Maintenant, il faut que vous soyez à la hauteur de l’avenir qui vous attend, et pour être dignes de votre avenir, il faut que vous soyez dignes de votre passé. Vous avez derrière vous une humble, mais glorieuse histoire, comparable à celles qui ont immortalisé plus d’un peuple antique ; vous avez plus d’un Thermopyle inscrite dans les fastes longtemps ignorés, et les héros qui ont fait du nom canadien le synonyme de dévouement, d’indomptabilité, de grandeur d’âme, d’intrépidité et de patriotisme, ne le cèdent en rien à ceux qui ont fait resplendir à travers les âges la gloire d’Athènes et de Rome.

Sur la moitié d’un continent encore sauvage, livré jusqu’alors à des tribus errantes et farouches qui portaient partout devant elles la terreur et les massacres, nos pères, sans même songer à la renommée ou à l’illustration, loin des regards du monde, ont accompli des prodiges de courage et d’audace d’autant plus sacrés aux yeux de la postérité qu’ils combattaient pour la civilisation contre la barbarie. Cent ans et plus de sacrifices constants, de luttes incessantes pour se maintenir, pour ne pas laisser périr ce qui était la race franco-canadienne, vous donnent l’exemple et le modèle à suivre. Ils n’étaient que quelques mille, vous êtes maintenant deux millions. Ils n’étaient qu’un groupe, une petite colonie perdue aux extrémités du monde, vous êtes maintenant un peuple. Vaincus un jour, ils ont été traités en vaincus, mais, peu à peu, les générations suivantes ont reconquis tous les droits des hommes libres, et maintenant, vous, vous jouissez de ces droits dans leur plénitude et leur splendeur.
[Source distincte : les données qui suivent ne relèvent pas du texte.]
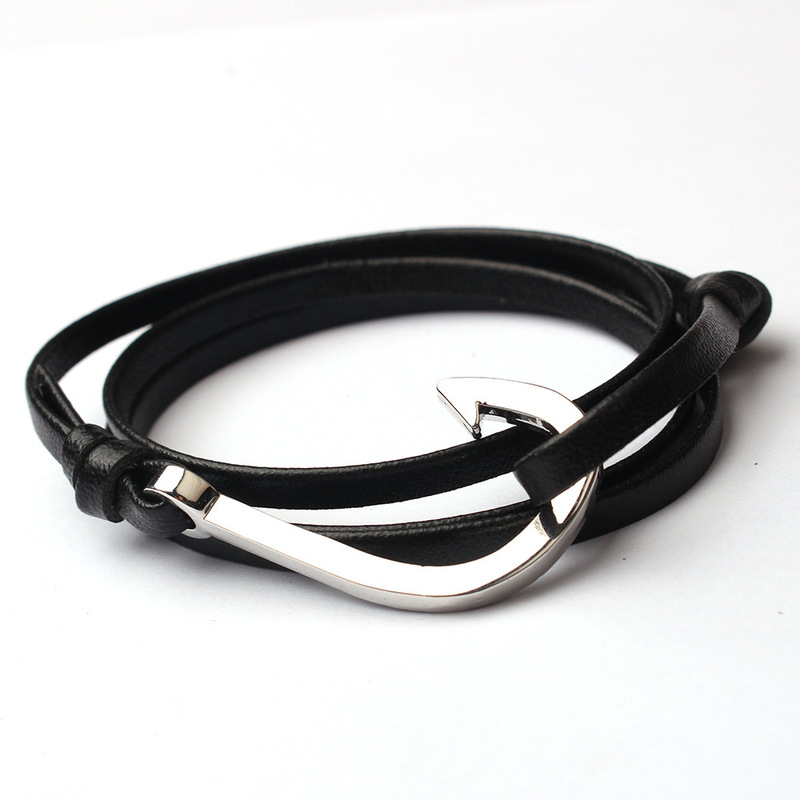European and American Popular Fish Hook Ship Anchor Bracelet AliExpress Fashion Hand Rope eaby Cross-border Hot Selling Double Leather Bracelet European and American Popular Fish Hook Ship Anchor Bracelet AliExpress Fashion Hand Rope eaby Cross-border Hot Selling Double Leather Bracelet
N’oubliez pas au prix de quels sacrifices et de quel sang versé ils ont été conquis pour vous qui les possédez aujourd’hui comme par privilège de naissance ; et en vous rappelant les longues épreuves, les longues souffrances soutenues par vos pères pour vous faire ce que vous êtes aujourd’hui, vous comprendrez mieux la tâche qu’il vous reste à accomplir, vous comprendrez mieux combien vous êtes loin encore du terme de votre mission et tout ce que vous avez à faire pour compléter le rôle spécial, unique, peut-être décisif, que vous remplissez dans les vastes destinées de notre continent.

Ralliez-vous, comptez-vous, multipliez-vous ; tendez la main à tous vos frères d’origine et de race, et vous formerez une grande famille dont aucune autre ne dépassera l’éclat et la vigueur sur la libre terre d’Amérique…

(Tiré de Arthur Buies (1840-1901), Chroniques II)

L’auteur

 Arthur Buies (1840-1901) a été journaliste et a publié de nombreux ouvrages, dont Chroniques, humeur et caprices et Petites chroniques pour 1877. Il a, entre autres, fondé un journal éphémère, mais qui a reçu un écho extraordinaire, La Lanterne, dans lequel il donnait libre cours à ses idées républicaines et anticléricales.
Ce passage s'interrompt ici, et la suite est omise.